Over three decades later, Nintendo remembers the Virtual Boy exists

It’s been a long wait

Nintendo says 14 Virtual Boy titles will be made available to Switch Online Expansion Pack subscribers over time. The eventual software list includes cult-classic Nintendo first-party titles like Virtual Boy Wario Land and Mario’s Tennis, as well as extremely hard-to-find third-party games like Jack Bros. and Virtual Bowling, which can command hundreds or thousands of dollars for an original cartridge.

The fact that Nintendo is officially acknowledging these games at all is a bit surprising after all these years of neglect. Even the 3DS Virtual Console—which would have seemed like a natural place for a Virtual Boy resurgence—never got official support for the retro system. Instead, fans of Nintendo’s least successful console (it’s estimated to have sold fewer than 800,000 units) have either had to track down rare original hardware and software or resort to unofficial emulators (one of which recently added full-color support beyond the usual red tints displayed by the original console).
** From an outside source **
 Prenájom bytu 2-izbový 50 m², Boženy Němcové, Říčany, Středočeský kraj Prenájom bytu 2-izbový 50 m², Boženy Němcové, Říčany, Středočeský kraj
The Nintendo Switch will eventually host a large majority of the entire library of official software released for the Virtual Boy.

The Nintendo Switch will eventually host a large majority of the entire library of official software released for the Virtual Boy.


Credit:

Nintendo


The Switch-docking strategy Nintendo is using for stereoscopy here is more than a bit reminiscent of 2019’s Nintendo Labo VR, which slotted the original Switch into a lens-equipped cardboard sleeve for a low-resolution, bare bones introduction to the idea of VR. At the time, we called that experiment a “fine, serviceable, decent” introduction to virtual reality seemingly designed for small children.
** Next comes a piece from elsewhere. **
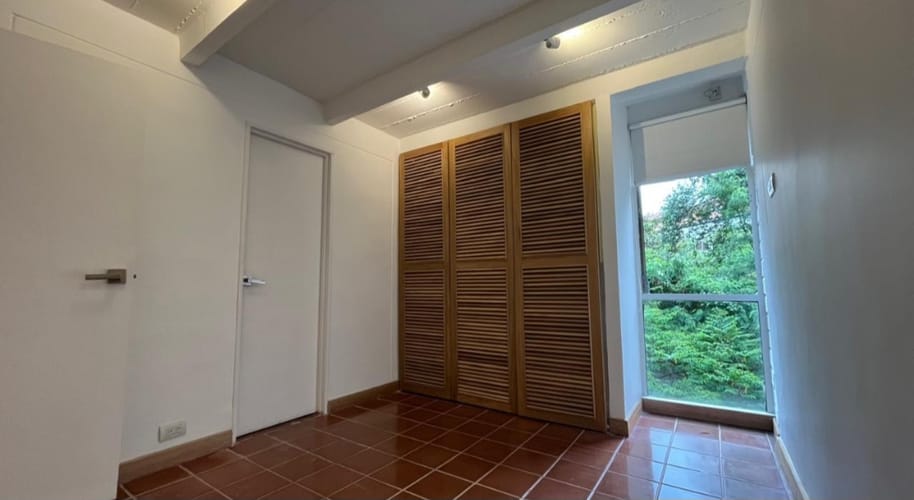 Apartamento de 4 alcobas en venta en Vía Las Palmas, Medellín, 85 m² · foto 7 de 11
Today’s Virtual Boy announcement, of course, comes with a hefty added dose of nostalgia and represents a long-overdue official recognition of an often-ignored part of Nintendo history. For all its faults, the Virtual Boy was a prime example of Nintendo designer Gunpei Yokoi’s philosophy of “lateral thinking with withered technology,” as Ars’ own Benj Edwards laid out in detail when contributing to a book-length treatise on the console.